Hacker News new | ask | show | jobs
by m0xte 2478 days ago
Uploading to S3 is easy until it isn't. It works pretty nicely for one-offs but when you have to blast a few hundred gigs into it or large files from a bit of software you wrote it's a royal pain in the butt. The phrase "multi-part upload" makes me cry inside.
1 comments

Why is that hard? The CLI automatically does multi part uploads.
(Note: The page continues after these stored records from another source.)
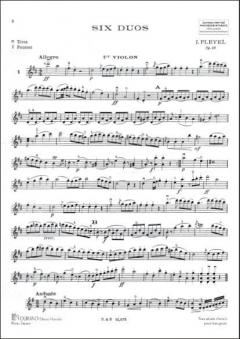 6 Duos Op. 48 von Ignaz Pleyel 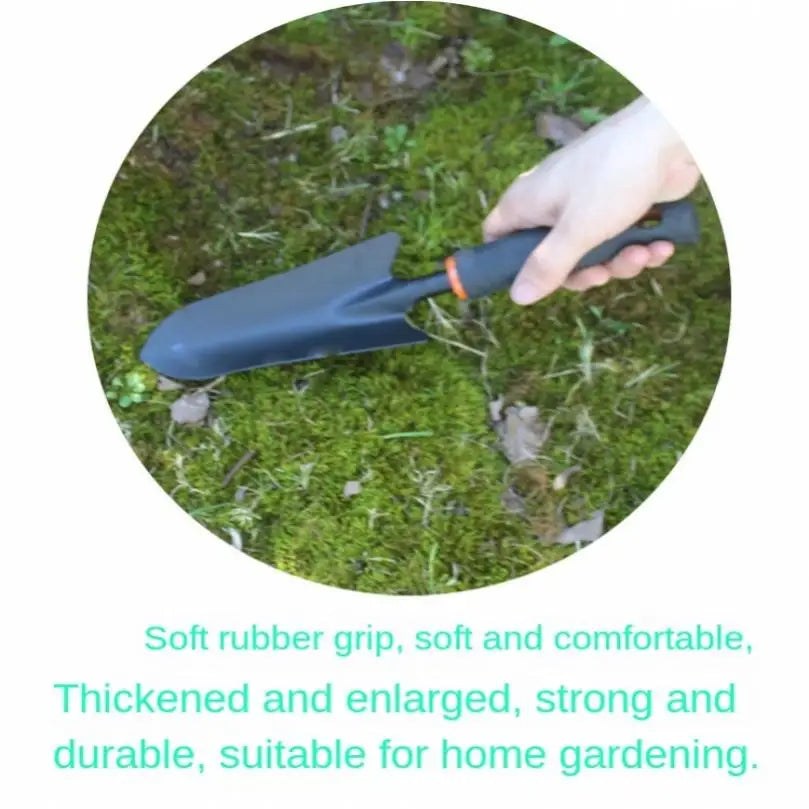 Thicken Iron Head Flower Shovel for Loosening Soil Weeding Gardening Tool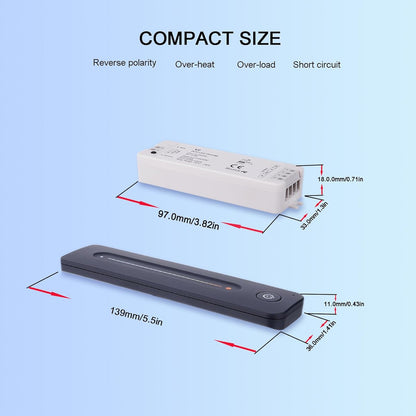 JOYLIT CCT LED-Controller, DC 12-24V 2CH 5A/CH RF-Funkfernbedienung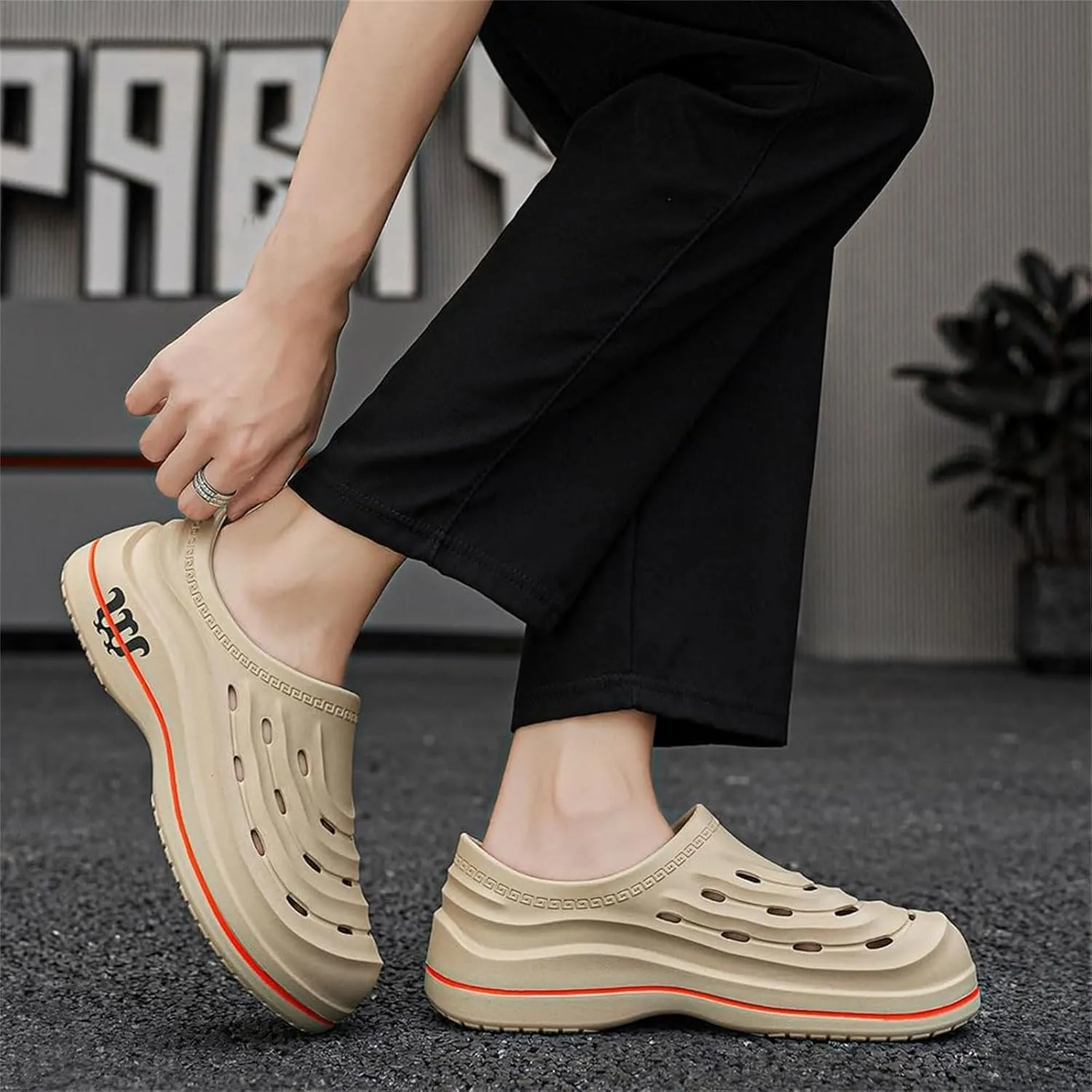 Chef Shoes for Men Women,Oil Resistant Waterproof Arch Support Clogs,Lightweight Breathable Kitchen Shoes Wide Toe Box Beach Slippers,Quick Dry Slip-on Garden Clogs with Removable Cushion Footbed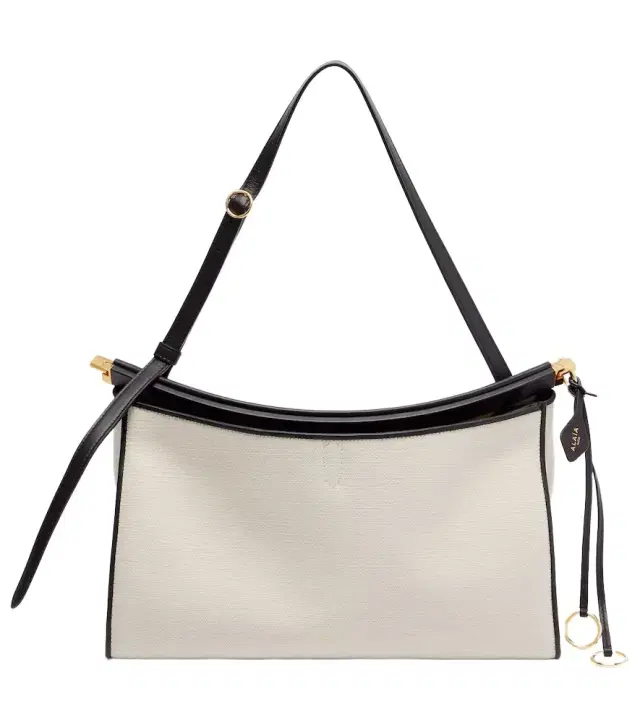 Alaia Alaïa Le Click Pocket Large canvas shoulder bag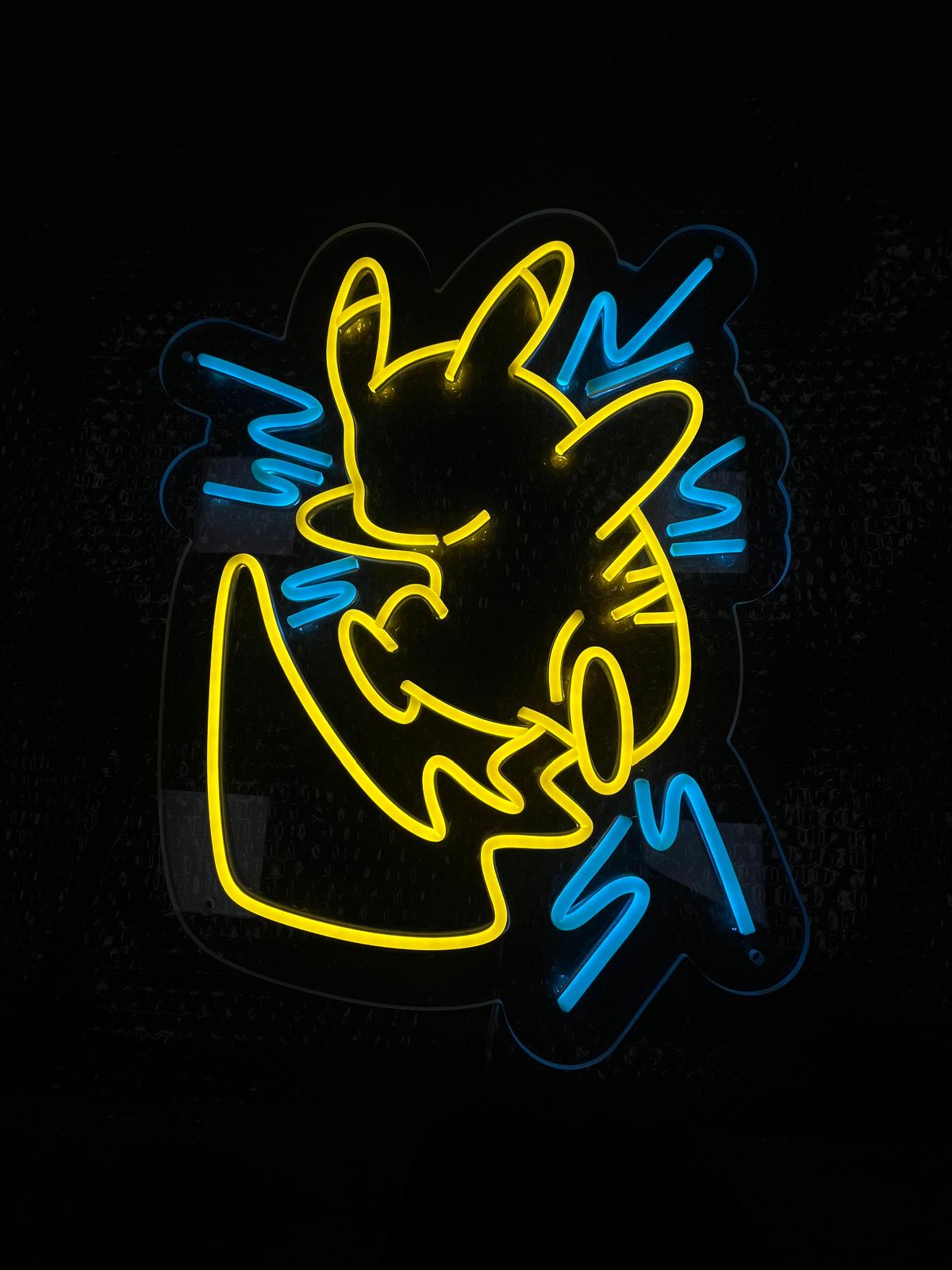 pikachu neon - Skizzografico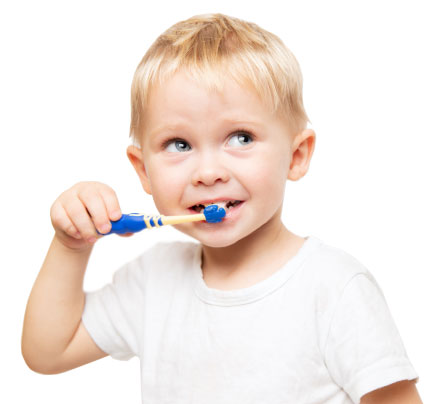 Toddler Brushing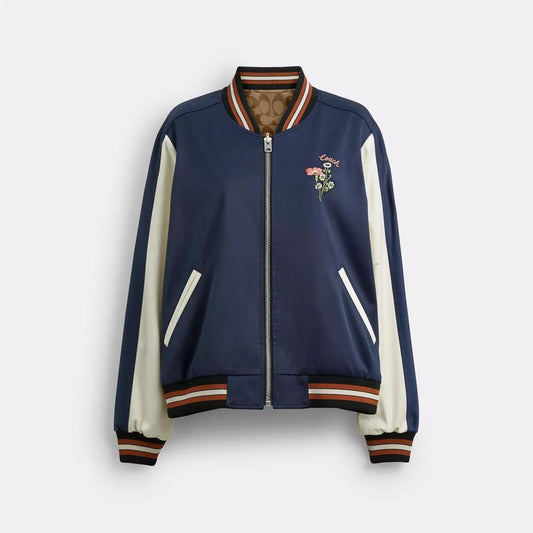 Coach Outlet Reversible Floral Print Signature Souvenir Jacket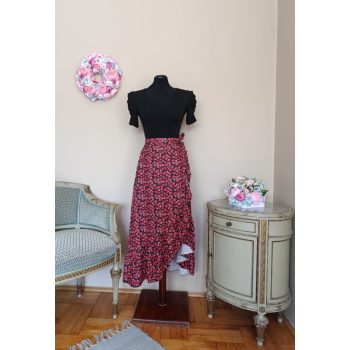 Lea felső V nyakú fekete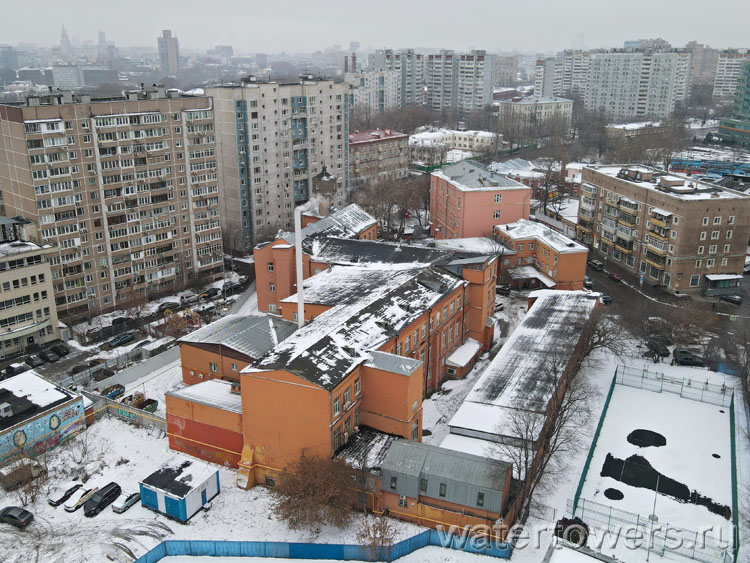 Встроенная водонапорная башня в Москве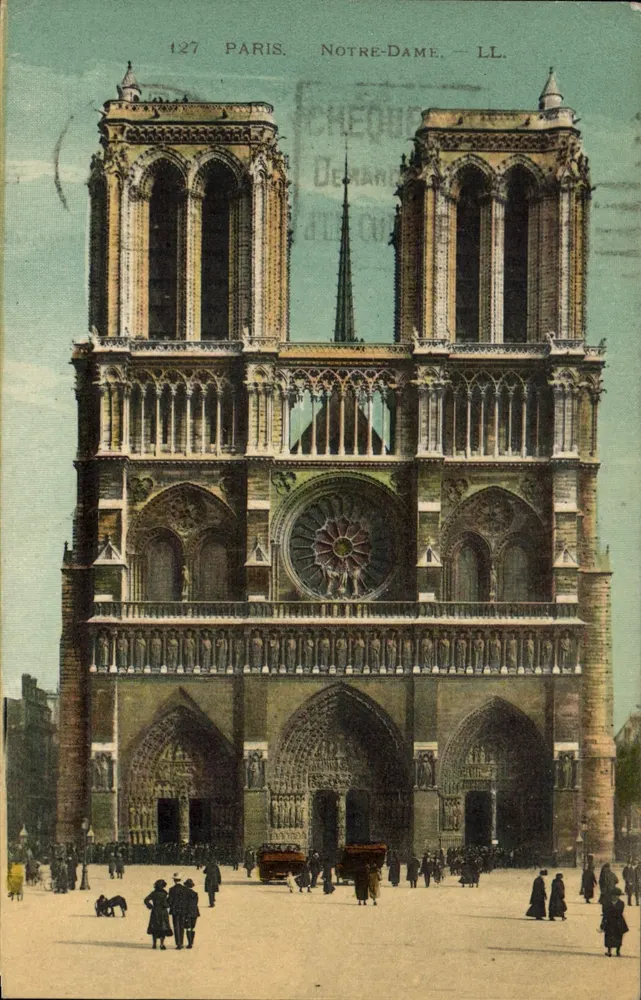 Paris. Notre-Dame — LL. — Lévy et Neurden Rénes, 127 - Frente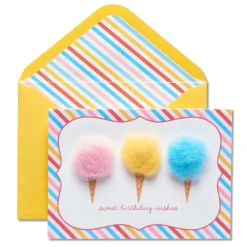 Cotton Candy Birthday Greeting Card
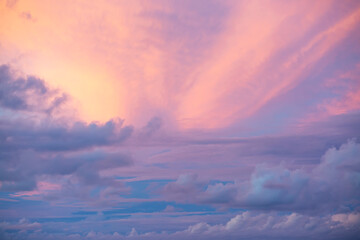 Wall Mural - sunset over the clouds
It’s also simple with the various AWS SDKs.
It looks like it works but it's not reliable so your reliability concerns then get externalised into your application which multiplies complexity terribly.
What do you mean by it's not reliable?
I’ve never had the experience myself, but I would assume he means you would have to build in some type of retry logic in your script.

Just from a cursory glance, I couldn’t find any samples of how to do a multipart upload with retries in Python with Boto3.

This is an example of how to do multipart uploads though.

https://medium.com/@niyazi_erd/aws-s3-multipart-upload-with-...

Fun Trivia note: when you do a multipart upload, the S3 hash of the object is not the same as it is when you do a single part upload. I had a file with the same contents but a different hash when I used Python than when it was transferred with the CLI or CloudBerry. The quick and dirty way to fix the hash is to copy the file to itself with Boto3.